The documentation for RNN in Keras can be found here. The interface in Keras is similar to the interface in Lasagne. The input is expected to be of shape (batch_size, sequence_length, feature_dimension), and the output shape (if return_sequences is True) is (batch_size, sequence_length, feature_dimension).

Keras currently supports both a Theano and a TensorFlow back end. RNN for the Theano back end is implemented with the scan operator. For TensorFlow, it seems to be implemented via explicitly unrolling. The documentation says that for the TensorFlow back end, the sequence length must be specified beforehand, and masking is currently not working (because tf.reduce_any is not functioning yet).


karpathy/char-rnn is implemented by explicitly unrolling. On the contrary, Element-Research/rnn runs sequence iteration in Lua. It actually has a very modular design:

  • The basic RNN/LSTM modules run only one time step per one call of forward (and accumulate/store necessary information to support backward computation, if needed). You could have detailed control when using this API directly.
  • A collection of Sequencers are defined to model common scenarios, like forwarding sequence, bi-directional sequence, attention models, etc.
  • There are other utility modules, like masking to support variable length sequences, etc.


CNTK looks quite different from other common deep learning libraries. I don’t understand it very well. I will talk with Yu to get more details.

It seems that the basic data types are matrices (although there is also a TensorView utility class). The mini-batch data for sequence data is packed in a matrix with N-row being feature_dimension and N-column being sequence_length * batch_size (see Figure 2.9 on page 50 of the CNTKBook).

Recurrent networks are first-class citizens in CNTK. In section of the CNTKBook, you can see an example of a customized computation node.
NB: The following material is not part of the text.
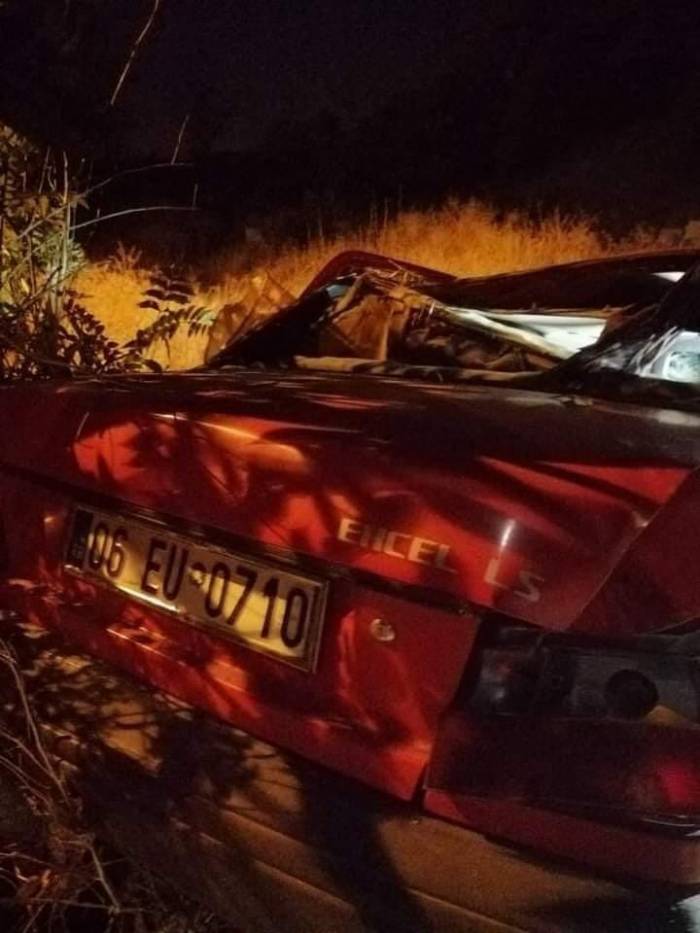 Ankara’da Kontrolden Çıkan Araç Boş Araziye Uçtu: 1 Ölü, 2 Yaralı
The node needs to explicitly define the functions for standard forward and forward with a time index, which is used for RNN evaluation:

    virtual void EvaluateThisNode()
        EvaluateThisNodeS(FunctionValues(), Inputs(0)->
            FunctionValues(), Inputs(1)->FunctionValues());
    virtual void EvaluateThisNode(const size_t timeIdxInSeq)
        Matrix<ElemType> sliceInputValue = Inputs(1)->
            FunctionValues().ColumnSlice(timeIdxInSeq *
            m_samplesInRecurrentStep, m_samplesInRecurrentStep);
        Matrix<ElemType> sliceOutputValue =    m_functionValues.
            ColumnSlice(timeIdxInSeq * m_samplesInRecurrentStep,
        EvaluateThisNodeS(sliceOutputValue, Inputs(0)->
            FunctionValues(), sliceInput1Value);

The function ColumnSlice(start_col, num_col) takes out the packed data for that time index, as described above (here m_samplesInRecurrentStep must be the mini-batch size).

The low-level API for recurrent connection seem to be a delay node. But I’m not sure how to use this low-level API. The example of PTB language model uses a very high-level API (simply setting recurrentLayer = 1 in the config).


The current example of RNNLM in TensorFlow uses explicit unrolling for a predefined number of time steps. The white-paper mentions that an advanced control flow API (Theano’s scan-like) is planned.